Bunun dışında, davalı tarafından 28/02/2015 tarihli gümrük beyannamesi ve ekinde fatura sunulmuş ve davalı …… Tekstil tarafından Danimarka’da bulunduğu anlaşılan ……. isimli firma adına düzenlenen 27/02/2015 tarih ve ….. nolu faturada 3394 adet çeşitli tekstil ürünü için toplam 54.321,25 Euro bedel yazılmış, bu rakamın altına el yazısı ile 6.647,78 Euro iskonto yapıldığı yazılarak fatura bedeli 47.673,47 Euro olarak belirtilmiştir.
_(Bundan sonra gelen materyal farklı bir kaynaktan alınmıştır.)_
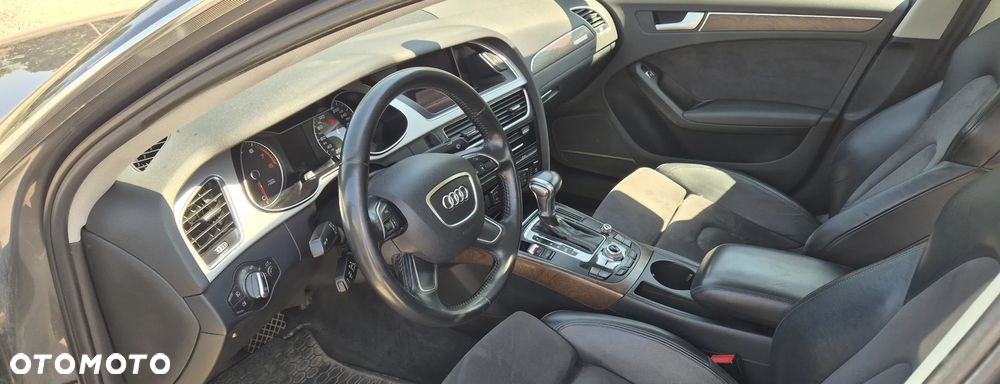 Audi A4 Limousine - 5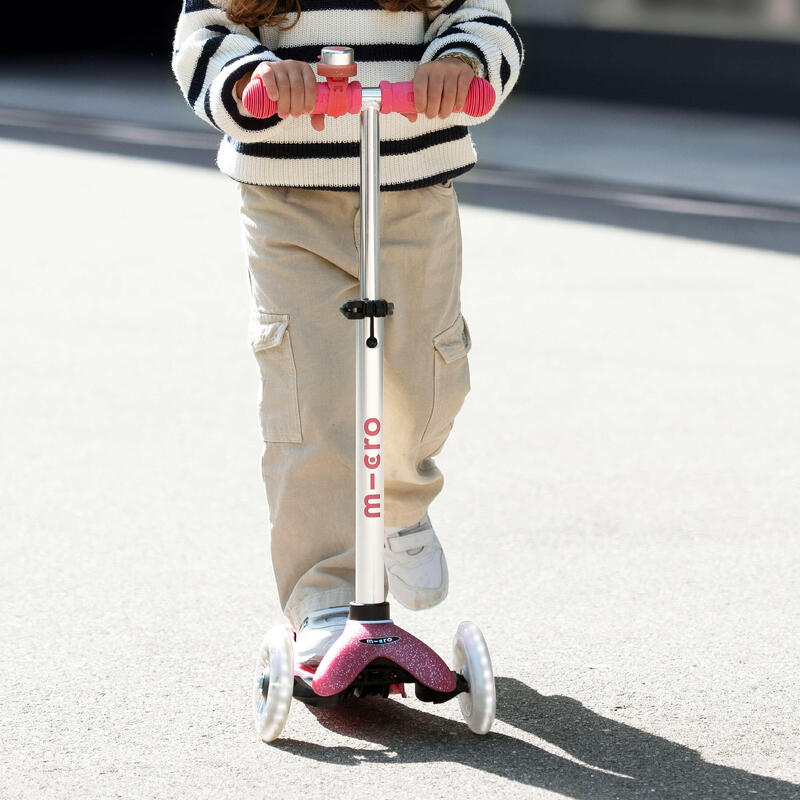 Trottinette Micro Mobility à trois roues Rose Glitter LED MMD208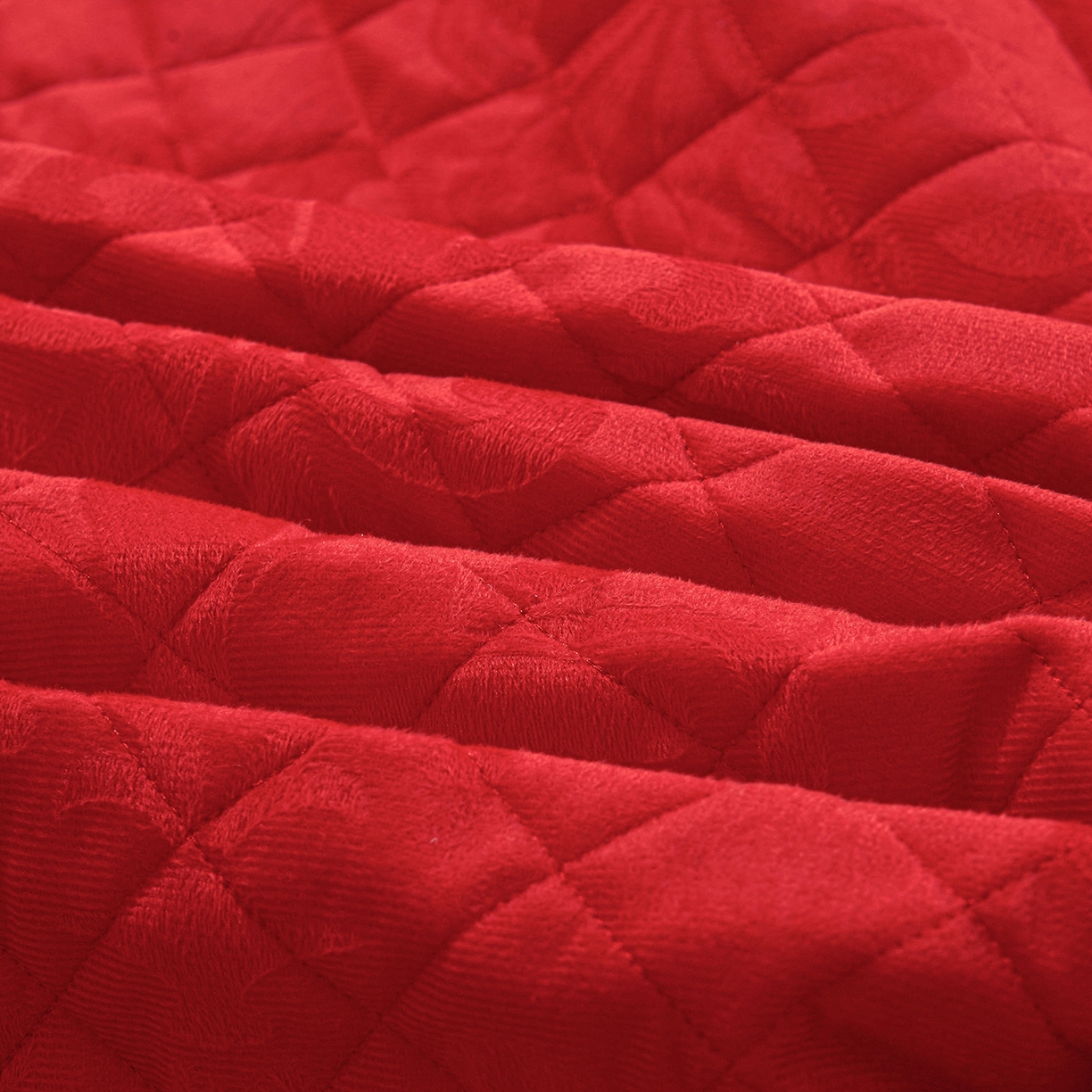 91家纺网 家纺一手货源 找家纺 好儿喜家纺 2025新款柔暖天鹅绒夹棉床裙盛世年华系列床裙三件套 盛世年华-红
Sunulan belgelerin kapsam ve niteliği göz önüne alındığında, sonradan el yazısıyla yazıldığı anlaşılan 6.647,78 Euro iskontonun gerçekte yapılıp yapılmadığı belli olmadığı gibi, yapılan iskontonun davacıya ait ürünler için yapılıp yapılmadığı ve dava konusu ayıplar nedeniyle yapılıp yapılmadığını da ispatlar nitelikte bulunmamasına rağmen, yurt dışı firma tarafından davalıdan dava konusu ürünler nedeniyle 6.647,78 Euro iskonto yapıldığı kabul edilerek davacı alacağından indirim yapılmış olması da hatalı” görülerek yerel mahkeme kararını kaldırmıştır.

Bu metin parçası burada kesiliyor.